Samsung has launched a brand-new dating app and service called Refrigerdating that steps well outside of the box and brings a complete shift away from a lot of food-related innuendo you might be familiar with. As its name implies, at its most basic, the application is intended to help owners of Samsung's IoT-connected Family Hub Refrigerator find love based on what's in their fridge.

To that end, the dating app will provide users with 'matches' based on what's in their own fridge and users can choose to meet up with or dismiss matches similarly to how other dating apps work.

The Refrigerdating app is available for download on the smart refrigerator or online and pictures can be snapped using that appliance's inward facing camera or with a smartphone, so users can sign up whether they own the fridge or not.


You are what you eat

The premise of the new service isn't necessarily unfounded since the contents and state of a person's food storage can give away quite a few quirks of their personality. A clean, organized fridge says something completely different about a person as compared to a refrigerator that's unkempt. The types of food can be equally telling since they may indicate how a person values health and other aspects of their lives.

One obvious example is how useful Refrigerdating could be to those users who are entirely against eating meats or other animal products. If those users don't want to date somebody who disagrees, using the app could help circumvent possible problems before they really become problems. Conversely, it could stand as a way for singles to broaden their horizons and explore tastes and cultures that differ from their own.


Samsung rounds out those points in favor of the somewhat ridiculous-sounding concept by pointing out that food can serve as a great icebreaker for a conversation with new people.

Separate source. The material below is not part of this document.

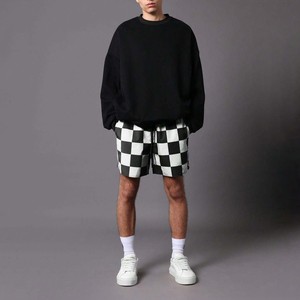 Shorts pour hommes à carreaux personnalisés, taille mi-haute élastique, style décontracté, motif noir et blanc tissé, longueur courte, vente chaude - Product Image 4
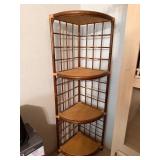 Wood and Woven Rattan Corner Shelf Unit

The Korean tech giant suggests that users could strike up a discussion by pointing out how the food seen in other users' refrigerators reminds them of a fond or unique memory.

Quirky but somehow familiar

While it may be uncomfortable for some users, Samsung suggests that those who do sign up for its service don't spend too much time trying to alter the interior of their fridge before getting started. Users should also avoid only looking for refrigerators with contents that match up with their own. Variety is, after all, the spice of life.


That's good advice for any dating app since almost nobody wants to date themselves and nobody likes meeting up with somebody only to discover they don't match their online profile. But those aren't the only ways Samsung has made its new dating app similar to others either.

Additional metrics used to create matches include age, gender, and location as well as associated preferences, which users are required to enter alongside their name and a fridge photo. Interacting with possible matches requires a Tinder-like swipe left or right. Swiping left dismisses the match while swiping right moves the possible relationship-building process forward.